=== Work instructions ===
The data below is to be transcribed word for word; pictures are to be excluded.

=== Dataset content ===
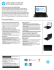 HP Pavilion Data Sheet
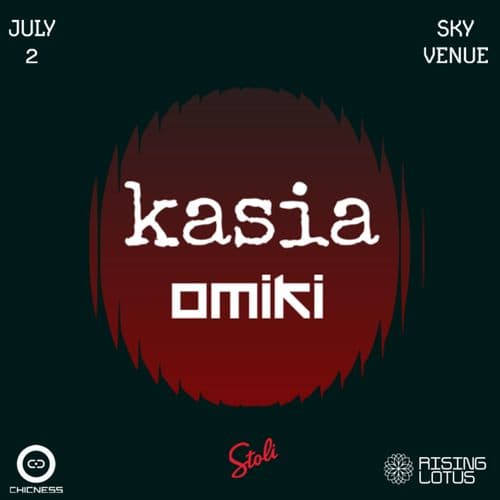 Kasia & Omiki  @ Sky Venue , open air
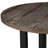 Chisolm Round Metal Base Dining Table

=== Written solution ===
 HP Pavilion Data Sheet
 Kasia & Omiki  @ Sky Venue , open air
 Chisolm Round Metal Base Dining Table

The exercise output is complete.